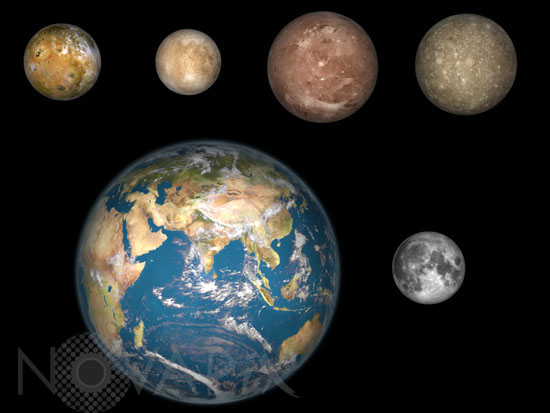 Jupiter's four largest satellites and Earth and the Moon compared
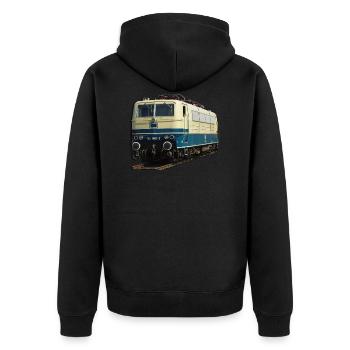 Lokomotive DB184 - Unisex Premium Bio Zip Hoodie - Schwarz - Hinten - Nico (187cm)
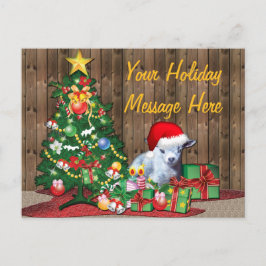 Cartão Postal De Festividades Árvore de Natal e Gato de Bebê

· · ·

Retype only the lines from the line with "Lokomotive DB184 - Unisex" through the last line of the data. Keep both ends and skip the pictures.

• Expected answer
 Lokomotive DB184 - Unisex Premium Bio Zip Hoodie - Schwarz - Hinten - Nico (187cm)
 Cartão Postal De Festividades Árvore de Natal e Gato de Bebê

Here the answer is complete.